L'Origine du Blues : un premier extrait !



 
Auteur d'Un os à ronger (collection Le Riffle), Marc Falvo ajoute à sa bibliographie un nouveau roman : L'origine du blues.
Un polar musical et bicéphale. Un polar, pas plus, pas moins. Noir jusqu’au bout des ongles. Et c'est dans votre collection Riffle Noir !
  












PREMIER EXTRAIT

Prologue

Les persuadés





La première fois que Bruno et Bélial King ont bossé ensemble, c’était au collège. L’un a triché sur l’autre – on n’a jamais su lequel – et ils se sont fait choper tous les deux.

Dans le bureau du proviseur, Bélial, quatorze ans, a blâmé la fatalité, les avanies du système scolaire, un cruel alignement de planètes.
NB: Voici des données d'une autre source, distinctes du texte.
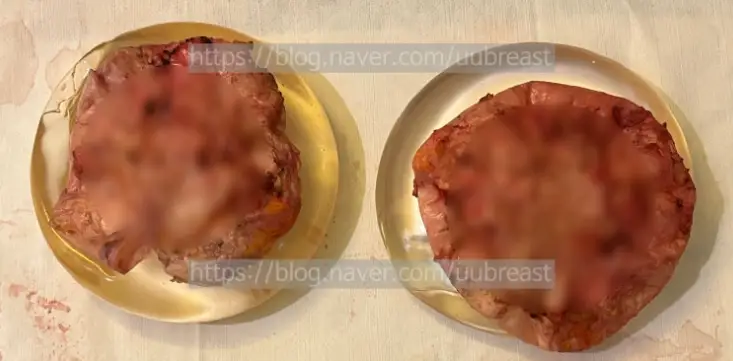 피막제거? 비용이 약 2배 차이 날 수 있는 경우에 대하여 <20년의 연구 경험으로 드리는 조언> — 본문 이미지 8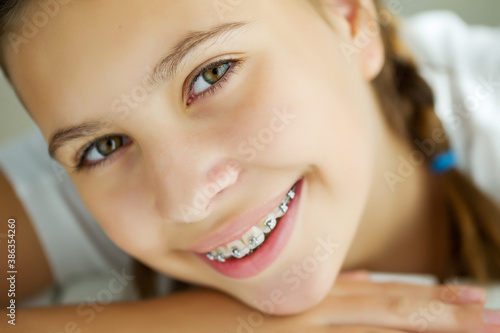 Close up portrait of smiling teenager girl showing dental braces.Isolated on white background. High quality photo.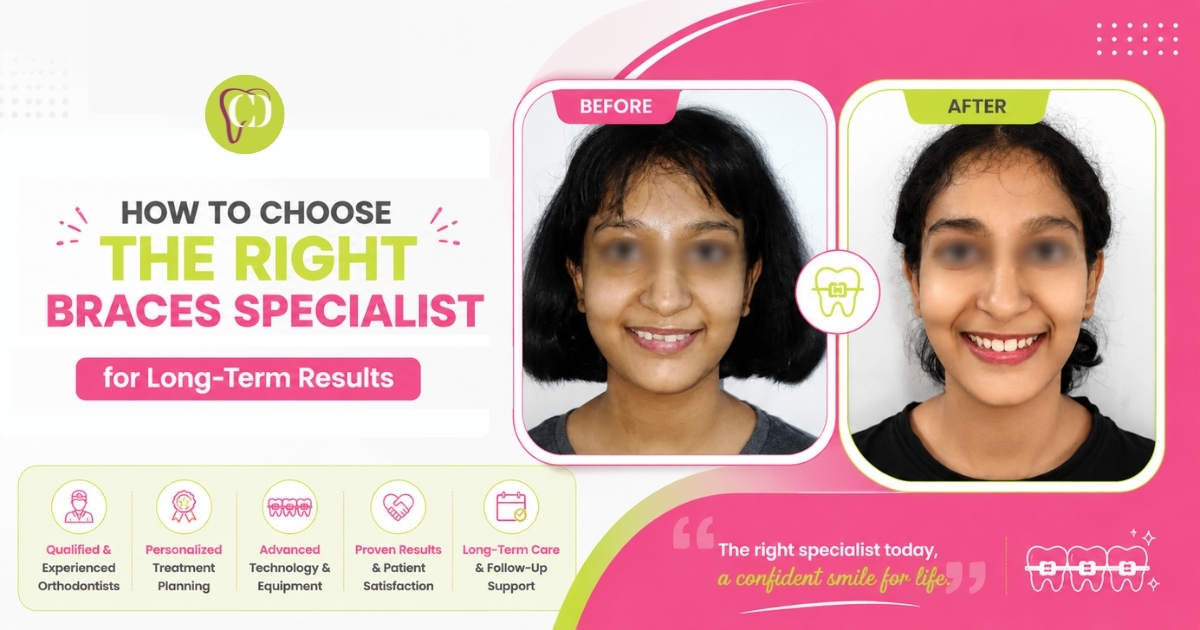 Braces specialist Bhopal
Bruno déjà, préférait le silence. Leur problème a été réglé avec une paire de baffes et quelques heures de colle. En sortant du bureau, ils se sont assis sur un banc, honteux, surtout en colère.

– Pas exactement… 
– Exactement…
– PAS exactement. 
– C’est-à-dire ? 
– T’es pas exactement un enfoiré. 

Bruno s’est jeté sur Bélial. Ils se sont battus. Bélial a gagné.

Ce genre de traquenard crée des liens. Les ados, d’humeur solitaire – l’un par choix, l’autre par défaut – sont devenus inséparables. Ont collectionné petites joies et grandes déconvenues et jamais ils n’auraient nié que leur duo, malgré certaines différences, les rendait plus forts, au moins dans les bagarres, l’appréhension de la puberté, cette vie en général.
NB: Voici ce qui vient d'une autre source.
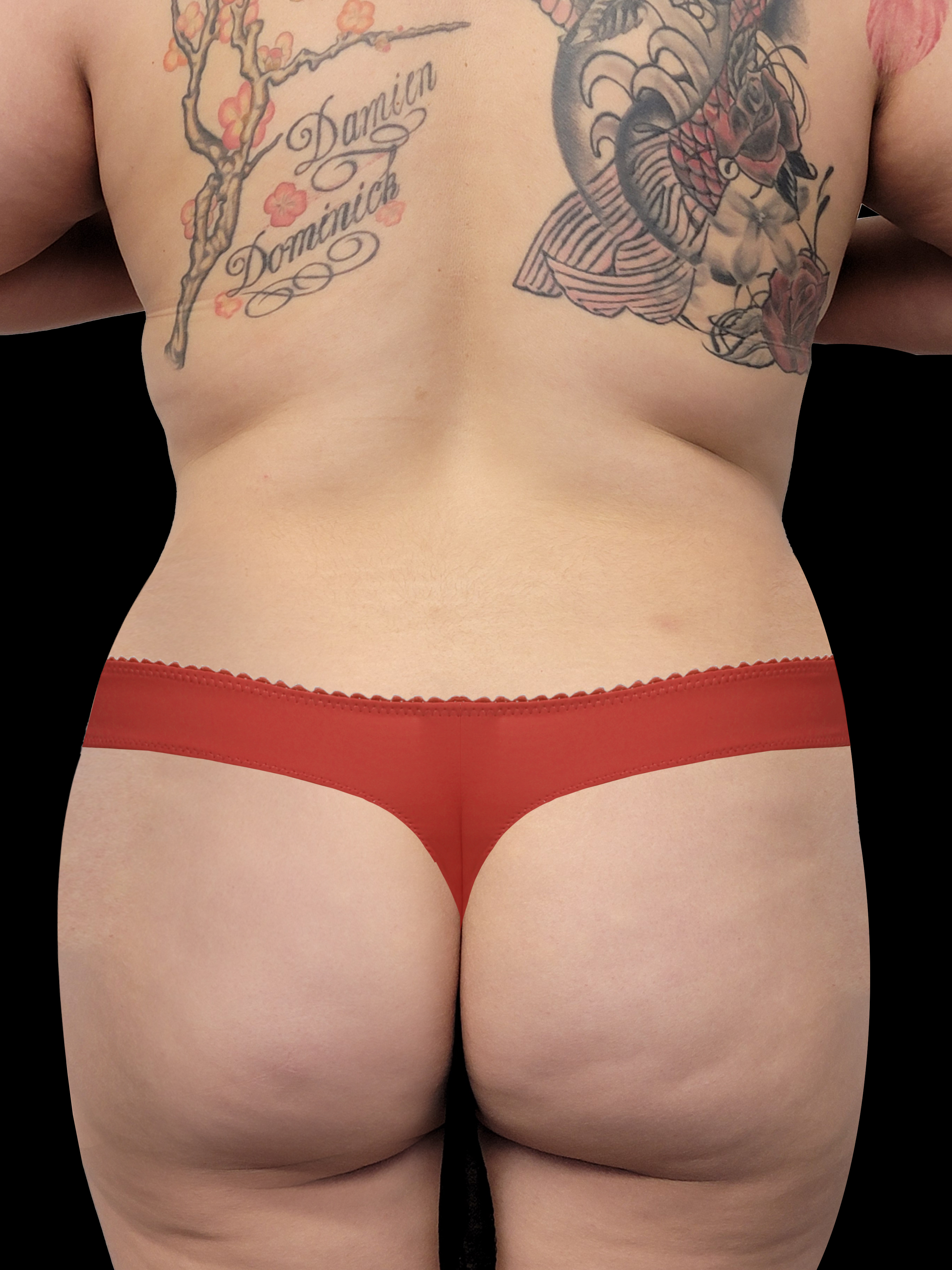 Before Brazillian Butt Lift - Back View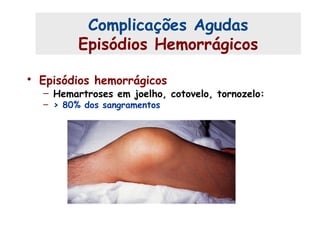 • Episódios hemorrágicos
– Hemartroses em joelho, cotovelo, tornozelo:
– > 80% dos sangramentos
Complicações Agudas (1)
Complicações Agudas
Episódios Hemorrágicos
 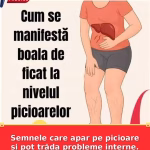 Semnele care apar pe picioare și pot trăda probleme interne. Ce nu ar trebui să ignori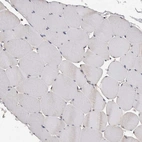 Immunohistochemical staining of human skeletal muscle shows no positivity in myocytes as expected.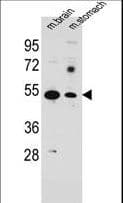 IHC-plus™ Polyclonal Rabbit anti-Human SLC16A11 Antibody (aa48-76, IHC, WB)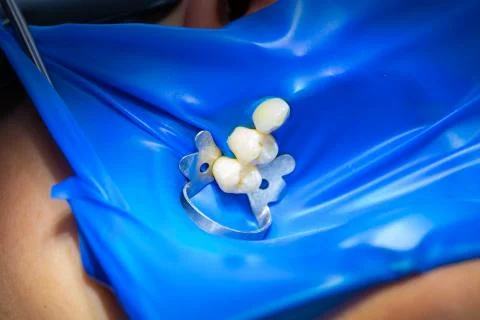 Close-up latex plate designed to isolate the tooth to be treated from the rest Stock Photos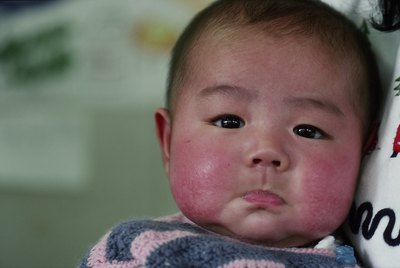 flushed face of child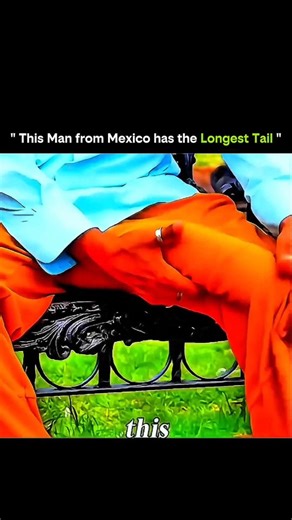 SCIENCE | FACTS | BEYOND | HISTORY | on Instagram: "It looks unbelievable, but it’s completely real. This rare condition, known as a true human tail, is a medical anomaly that occurs when embryonic development doesn’t fully regress structures present early in human growth. 🧠 During early development, all humans briefly form a tail-like structure. In extremely rare cases, it doesn’t disappear — resulting in a visible, tail-like extension at birth. Most are harmless, though some can be connected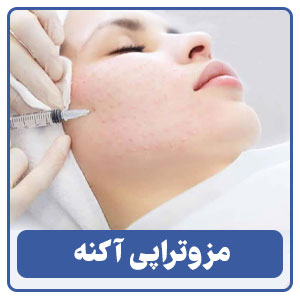مزوتراپی برای درمان آکنه در شیراز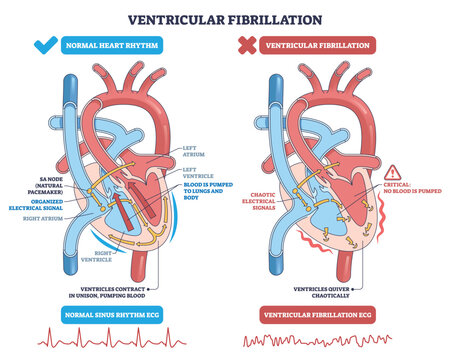 Ventricular fibrillation explained, side-by-side heart diagram contrasts normal rhythm with chaotic quivering, key elements are ventricles, electrical signals, and ECG traces. Outline diagram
A quinze ans, Bélial sortait sa première fille, plus âgée de deux classes. Une rousse. Bruno a tenu la chandelle, en plus le film était une daube. A seize ans, Bruno conduisait. Il prenait la voiture de son père et s’offrait de longues balades en solo. A dix-sept, après avoir lu Le grand sommeil de Chandler, Bélial s’est acheté un vieil imperméable. Certains élèves, dont une paire de terminales, ont ri. Il a perfectionné son crochet du gauche.
– Pas exactement… 
– Exactement…
– PAS exactement. 
– C’est-à-dire ?
– Quand même, il est pas exactement à ta taille…

Bélial s’est jeté sur Bruno. Ils se sont battus. Bélial a gagné.
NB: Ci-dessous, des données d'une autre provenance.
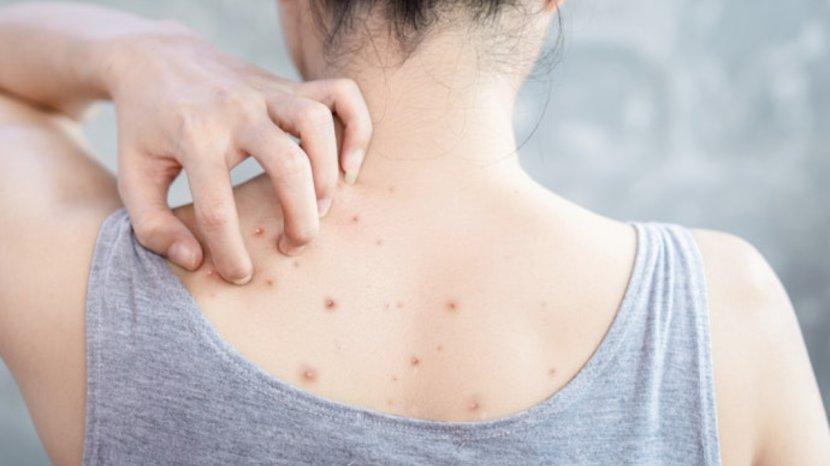 25-Daftar-Sabun-Mandi-Khusus-Jerawat-Punggung-atau-Acne-Back-Terjamin-BPOM-Aman-DIpakai-Setiap-Hari.jpg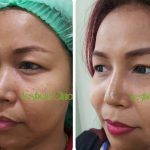 Korean Nose Plastic Surgery (2)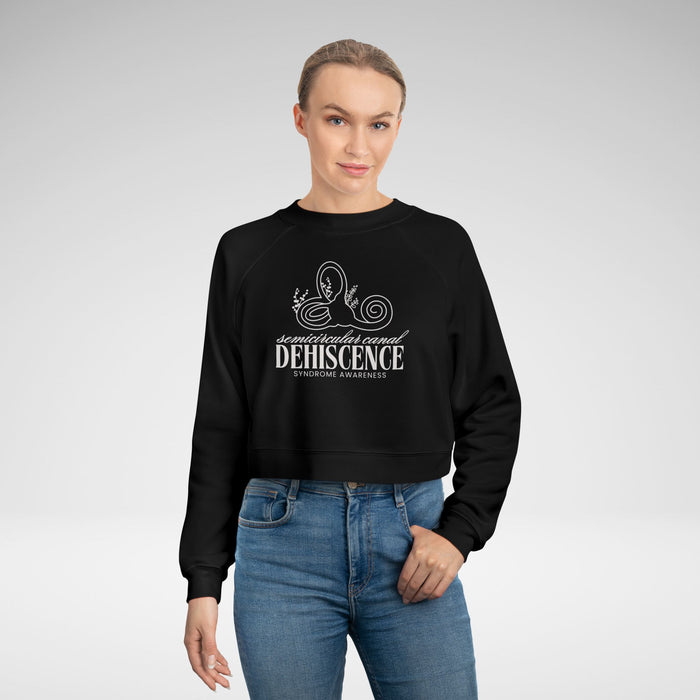 Semicircular Canal Dehiscence Syndrome Awareness Women's Cropped Fleece Pullover
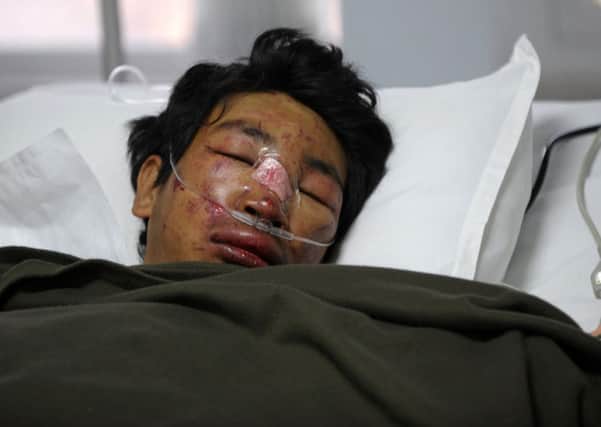 Nepalese mountaineer Dawa Tashi Sherpa lies in intensive care. Picture: Getty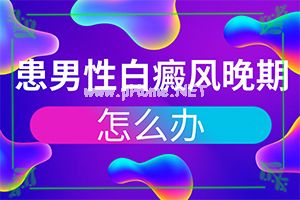 小儿白颠疯病可以治愈吗-头皮白癫风怎么治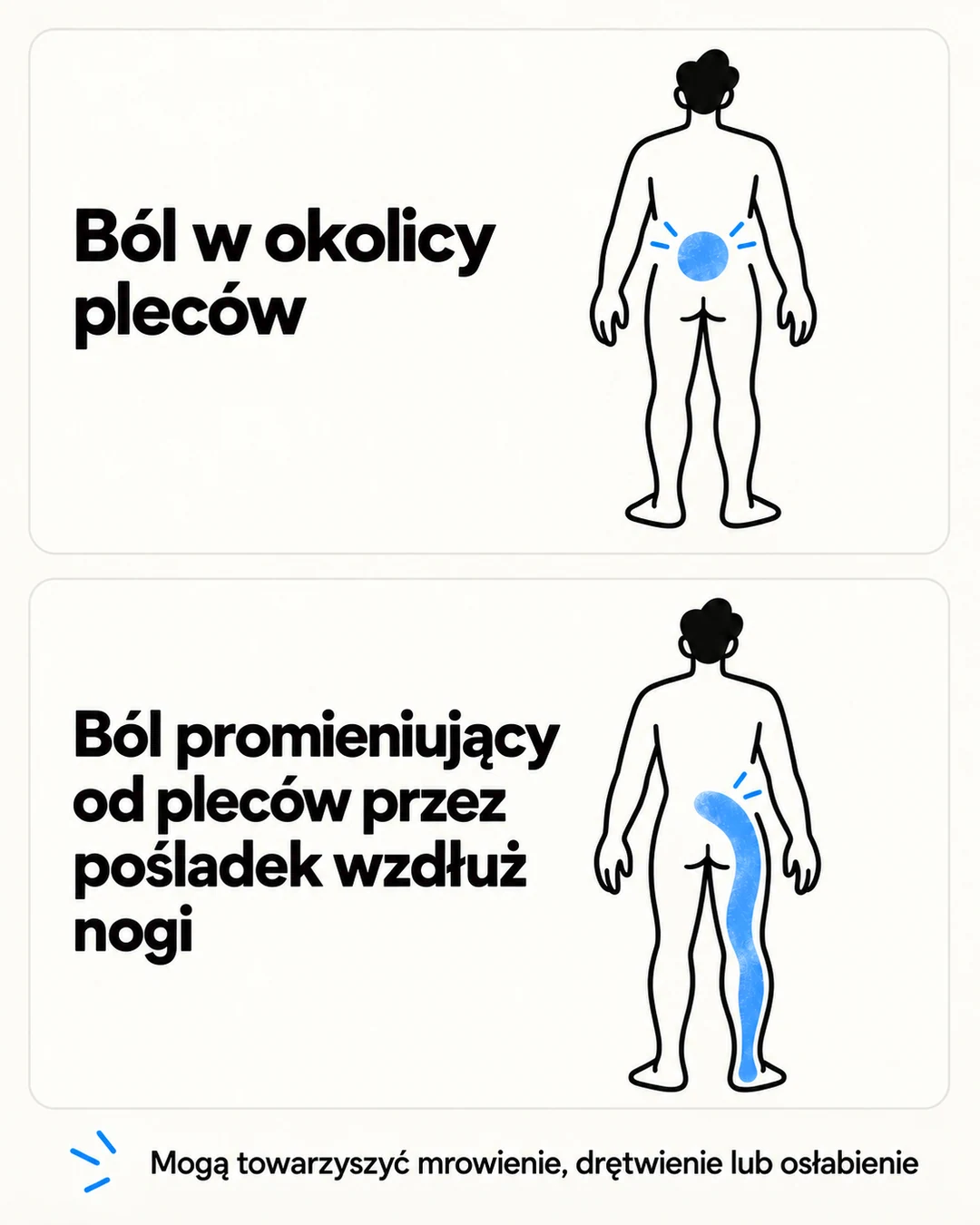 Porównanie bólu ograniczonego do pleców z bólem promieniującym przez pośladek i nogę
Bien sûr, King n’est pas leur vrai nom.

Clause de style, rien de plus. Leroy et Leroi pour un cabinet de détectives, ça faisait un peu trop prime time du lundi soir sur TF1 alors les deux jeunes mecs ont cherché quelque chose de plus classe lorsque s’est présentée la chance de réaliser enfin leur rêve, après des bacs moyens et deux cursus universitaires avortés. S’associer contre le crime et surtout pour la gloire, gavés qu’ils étaient de films, romans noirs et séries policières.

Sous leurs noms en lettres d’or, la plaque du bureau portait l’inscription :

The thrill is gone

Hommage à leur bluesman favori. La déférence courait jusqu’au patronyme. Bruno et Bélial King. Initiales B.B. King. The thrill is gone. C’était plutôt cohérent.

A vingt-cinq ans donc, Bruno et Bélial ouvraient leur cabinet.

A vingt-sept ans, ils rencontraient Dina mais c’est une autre histoire.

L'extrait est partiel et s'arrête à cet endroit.